**YOUR GOAL**
Exactly as written, print out each entry in the data, with no pictures.

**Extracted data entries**
========================
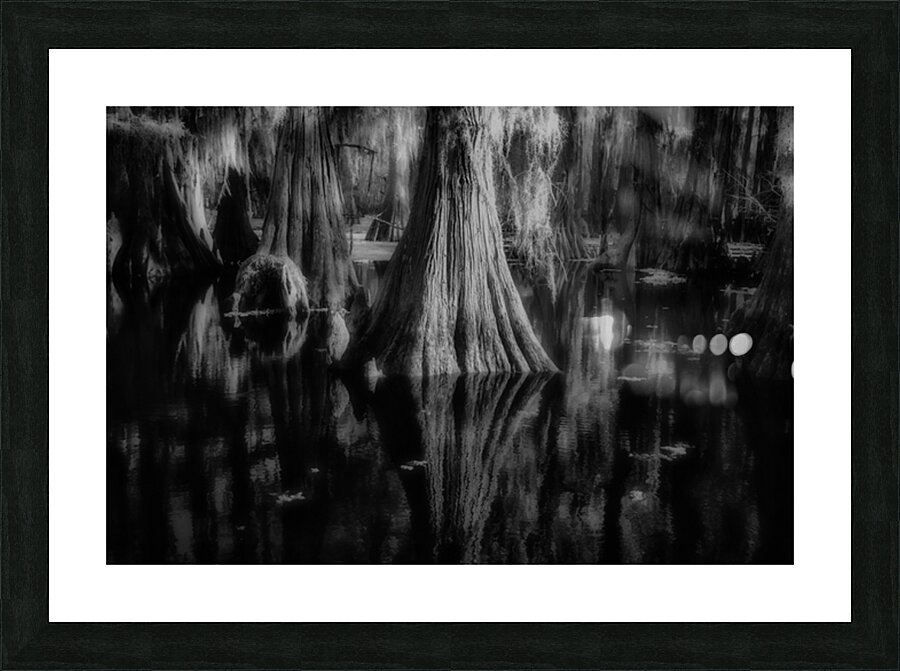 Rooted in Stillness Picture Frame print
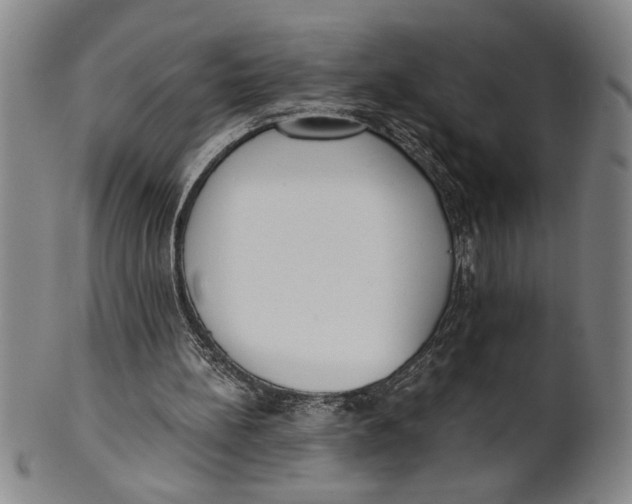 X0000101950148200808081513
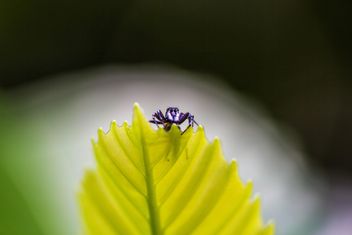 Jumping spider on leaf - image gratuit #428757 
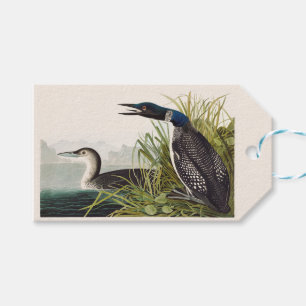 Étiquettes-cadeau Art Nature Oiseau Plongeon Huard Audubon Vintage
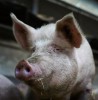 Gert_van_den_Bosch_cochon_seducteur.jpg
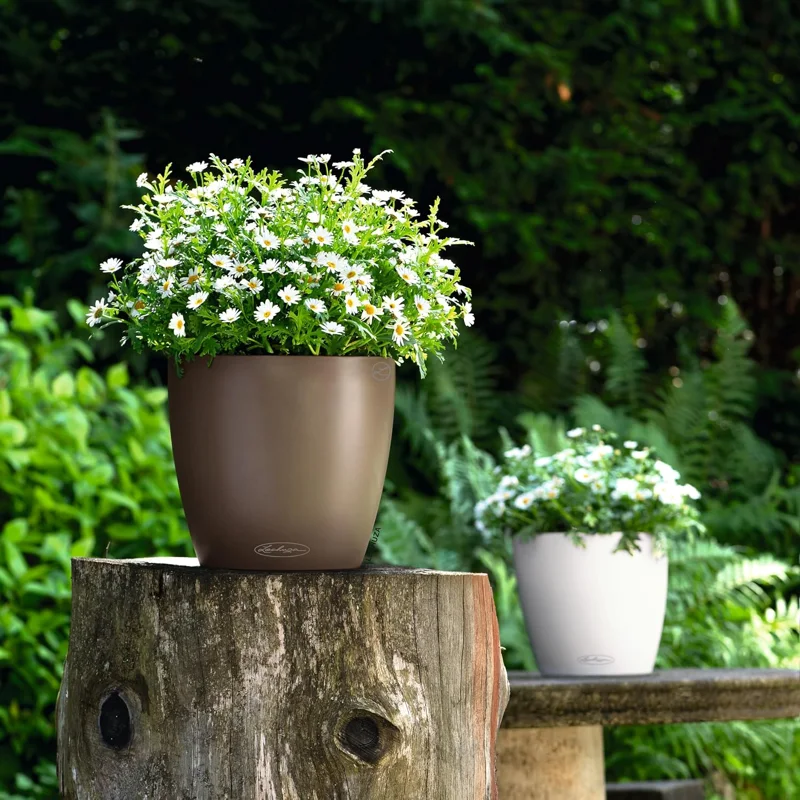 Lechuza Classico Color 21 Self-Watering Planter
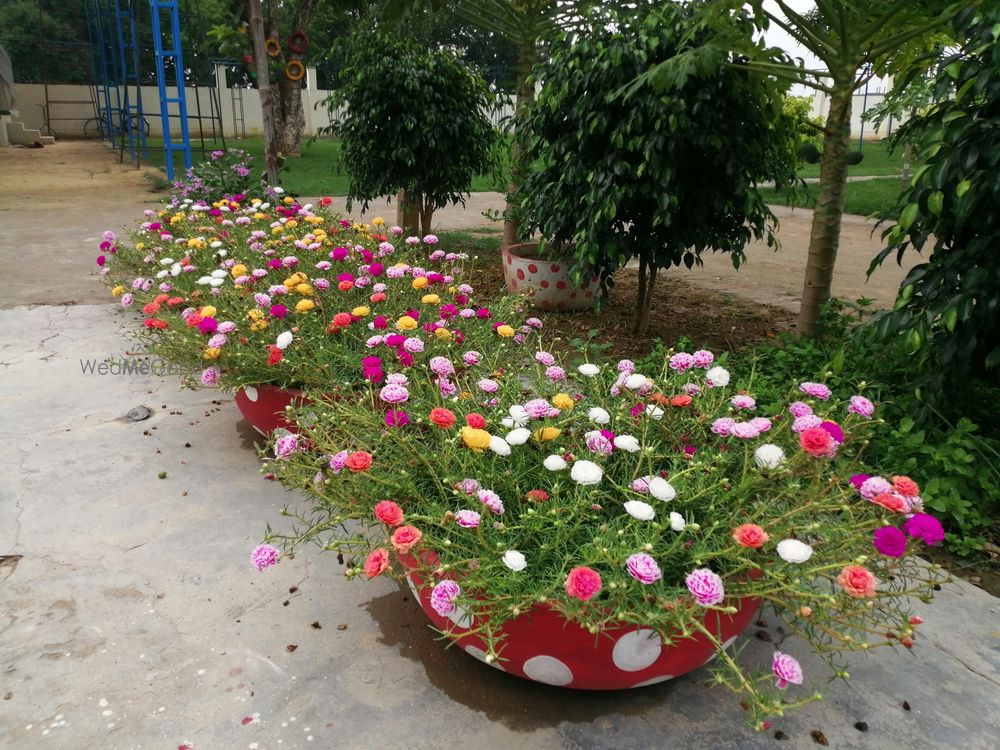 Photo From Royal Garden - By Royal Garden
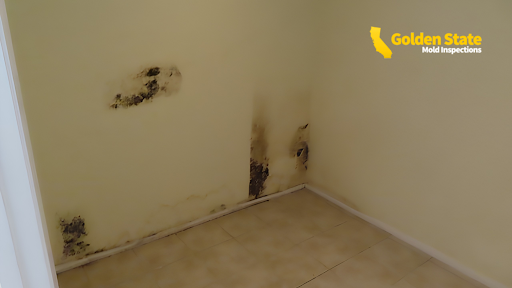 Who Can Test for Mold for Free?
========================
**SOLUTION TO THE PROBLEM**
 Rooted in Stillness Picture Frame print
 X0000101950148200808081513
 Jumping spider on leaf - image gratuit #428757 
 Étiquettes-cadeau Art Nature Oiseau Plongeon Huard Audubon Vintage
 Gert_van_den_Bosch_cochon_seducteur.jpg
 Lechuza Classico Color 21 Self-Watering Planter
 Photo From Royal Garden - By Royal Garden
 Who Can Test for Mold for Free?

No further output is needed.